You are viewing a plain text version of this content. The canonical link for it is here.
Posted to jira@arrow.apache.org by "Zosimova Zhanna (Jira)" <ji...@apache.org> on 2020/11/07 18:48:00 UTC
[jira] [Updated] (ARROW-10514) [C++][Parquet] Data inconsistency in parquet-reader output modes

     [ https://issues.apache.org/jira/browse/ARROW-10514?page=com.atlassian.jira.plugin.system.issuetabpanels:all-tabpanel ]

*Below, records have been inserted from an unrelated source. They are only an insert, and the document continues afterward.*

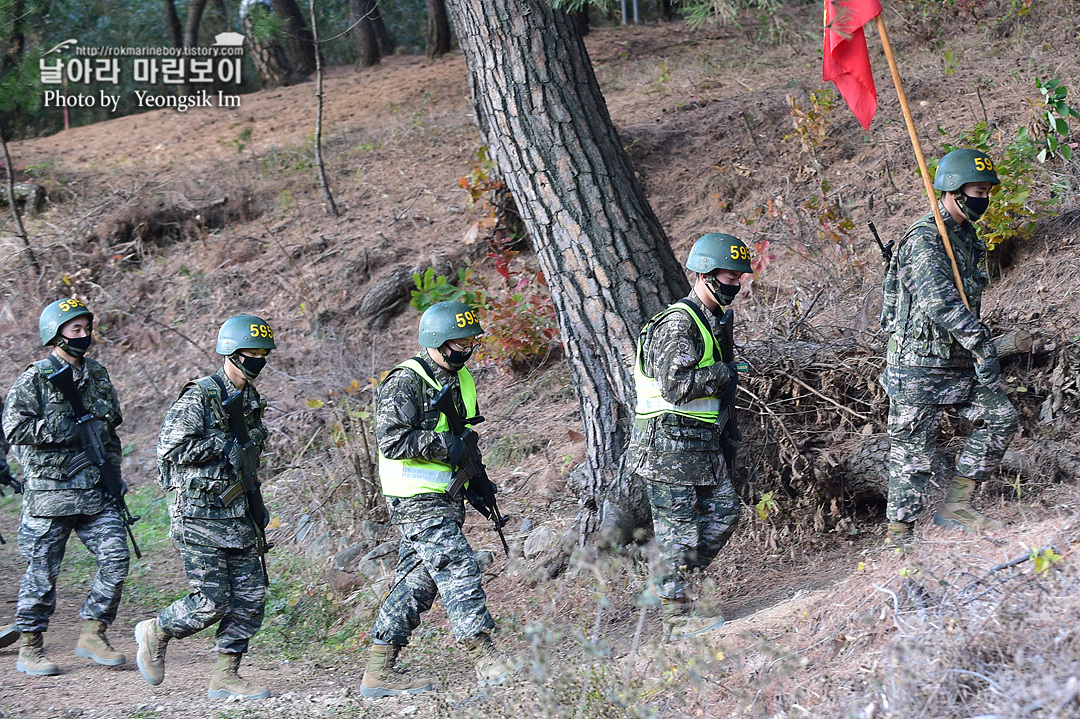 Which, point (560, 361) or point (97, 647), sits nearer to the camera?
point (97, 647)

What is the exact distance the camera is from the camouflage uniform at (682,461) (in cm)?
466

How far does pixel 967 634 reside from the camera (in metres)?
3.15

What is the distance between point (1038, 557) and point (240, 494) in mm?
3917

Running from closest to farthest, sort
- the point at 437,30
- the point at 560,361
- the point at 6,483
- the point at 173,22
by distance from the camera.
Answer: the point at 6,483 → the point at 560,361 → the point at 437,30 → the point at 173,22

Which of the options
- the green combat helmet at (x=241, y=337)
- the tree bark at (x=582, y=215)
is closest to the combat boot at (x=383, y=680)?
the tree bark at (x=582, y=215)

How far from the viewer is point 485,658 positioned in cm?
465

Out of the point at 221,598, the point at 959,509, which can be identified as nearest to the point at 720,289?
the point at 959,509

Zosimova Zhanna updated ARROW-10514:
------------------------------------
    Description: 
I tried reading description for Parquet [file|https://github.com/ClickHouse/ClickHouse/blob/master/tests/queries/0_stateless/data_parquet/nested_maps.snappy.parquet] with nested maps using [parquet-reader tool|https://github.com/apache/arrow/blob/master/cpp/tools/parquet/parquet_reader.cc]. 

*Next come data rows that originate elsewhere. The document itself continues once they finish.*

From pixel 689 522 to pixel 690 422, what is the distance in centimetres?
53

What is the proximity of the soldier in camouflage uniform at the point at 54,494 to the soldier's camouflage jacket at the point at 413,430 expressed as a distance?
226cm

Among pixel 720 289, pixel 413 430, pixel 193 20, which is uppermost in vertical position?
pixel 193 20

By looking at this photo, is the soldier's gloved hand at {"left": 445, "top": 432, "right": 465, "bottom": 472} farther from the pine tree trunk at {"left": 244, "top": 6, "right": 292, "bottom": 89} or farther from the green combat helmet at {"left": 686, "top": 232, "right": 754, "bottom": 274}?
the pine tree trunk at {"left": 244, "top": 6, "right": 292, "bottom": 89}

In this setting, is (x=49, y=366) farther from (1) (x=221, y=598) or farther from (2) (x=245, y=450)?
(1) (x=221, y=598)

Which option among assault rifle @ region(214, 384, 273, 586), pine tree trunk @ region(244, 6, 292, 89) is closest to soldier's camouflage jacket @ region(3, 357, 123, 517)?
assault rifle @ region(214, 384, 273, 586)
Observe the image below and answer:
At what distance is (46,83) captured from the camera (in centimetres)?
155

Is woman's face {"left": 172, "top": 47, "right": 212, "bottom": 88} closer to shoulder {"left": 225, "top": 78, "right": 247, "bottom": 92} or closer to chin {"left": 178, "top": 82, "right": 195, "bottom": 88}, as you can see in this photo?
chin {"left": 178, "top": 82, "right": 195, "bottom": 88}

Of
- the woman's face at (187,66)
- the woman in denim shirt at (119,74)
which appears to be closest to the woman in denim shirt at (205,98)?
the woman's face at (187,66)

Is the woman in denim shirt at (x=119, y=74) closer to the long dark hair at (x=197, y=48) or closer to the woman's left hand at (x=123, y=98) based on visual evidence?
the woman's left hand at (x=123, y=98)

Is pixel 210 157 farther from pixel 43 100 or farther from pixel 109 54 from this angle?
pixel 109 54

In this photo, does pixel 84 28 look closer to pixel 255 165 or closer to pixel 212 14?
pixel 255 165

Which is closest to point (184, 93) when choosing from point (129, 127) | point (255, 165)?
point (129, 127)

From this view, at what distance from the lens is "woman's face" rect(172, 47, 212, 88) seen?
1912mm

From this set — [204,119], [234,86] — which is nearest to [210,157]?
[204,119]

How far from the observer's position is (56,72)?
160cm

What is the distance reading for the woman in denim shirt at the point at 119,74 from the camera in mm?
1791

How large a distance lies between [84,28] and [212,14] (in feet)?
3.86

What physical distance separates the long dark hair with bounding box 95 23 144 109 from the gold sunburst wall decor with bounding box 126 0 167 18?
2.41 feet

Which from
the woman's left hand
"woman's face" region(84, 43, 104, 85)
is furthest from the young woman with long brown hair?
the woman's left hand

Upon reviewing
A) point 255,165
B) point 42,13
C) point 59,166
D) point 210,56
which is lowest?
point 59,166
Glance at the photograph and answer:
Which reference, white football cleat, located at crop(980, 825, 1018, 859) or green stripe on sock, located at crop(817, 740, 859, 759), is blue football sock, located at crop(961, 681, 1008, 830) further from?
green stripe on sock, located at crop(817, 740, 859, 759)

This file has the following structure:
{code:java}
required group field_id=0 spark_schema {
  optional group field_id=1 a (Map) {
    repeated group field_id=2 key_value {
      required binary field_id=3 key (String);
      optional group field_id=4 value (Map) {
        repeated group field_id=5 key_value {
          required int32 field_id=6 key;
          required boolean field_id=7 value;
        }
      }
    }
  }
  required int32 field_id=8 b;
  required double field_id=9 c;
} {code}
When I print it using DebugPrint, I see:
{code:java}
$ ./parquet-reader nested_maps.snappy.parquet --only-metadata
<some text is omitted for the sake of readability>
Column 0: a.key_value.key (BYTE_ARRAY/UTF8)
Column 1: a.key_value.value.key_value.key (INT32)
Column 2: a.key_value.value.key_value.value (BOOLEAN)
Column 3: b (INT32)
Column 4: c (DOUBLE)
</some text is omitted for the sake of readability>{code}
When I pring it using JSONPrint, I see:
{code:java}
$ ./parquet-reader nested_maps.snappy.parquet --json
<some text is omitted for the sake of readability>
"Columns": [
  { "Id": "0", "Name": "key", "PhysicalType": "BYTE_ARRAY", "ConvertedType": "UTF8", "LogicalType": {"Type": "String"} },
  { "Id": "1", "Name": "key", "PhysicalType": "INT32", "ConvertedType": "NONE", "LogicalType": {"Type": "None"} },
  { "Id": "2", "Name": "value", "PhysicalType": "BOOLEAN", "ConvertedType": "NONE", "LogicalType": {"Type": "None"} },
  { "Id": "3", "Name": "b", "PhysicalType": "INT32", "ConvertedType": "NONE", "LogicalType": {"Type": "None"} },
  { "Id": "4", "Name": "c", "PhysicalType": "DOUBLE", "ConvertedType": "NONE", "LogicalType": {"Type": "None"} }
]
</some text is omitted for the sake of readability>{code}
Column 0 and Column 1 has the same Name in JSON output. That's very confusing. It would be more correct to output the full path of the column (key -> a.key_value.key).

 

This can be corrected by changing a single line: [https://github.com/apache/arrow/blob/master/cpp/src/parquet/printer.cc#L218]

 

The proposed patch in the attachment

  was:
I tried reading description for Parquet [file|[https://github.com/ClickHouse/ClickHouse/blob/master/tests/queries/0_stateless/data_parquet/nested_maps.snappy.parquet]] with nested maps using [parquet-reader tool|[https://github.com/apache/arrow/blob/master/cpp/tools/parquet/parquet_reader.cc]]. 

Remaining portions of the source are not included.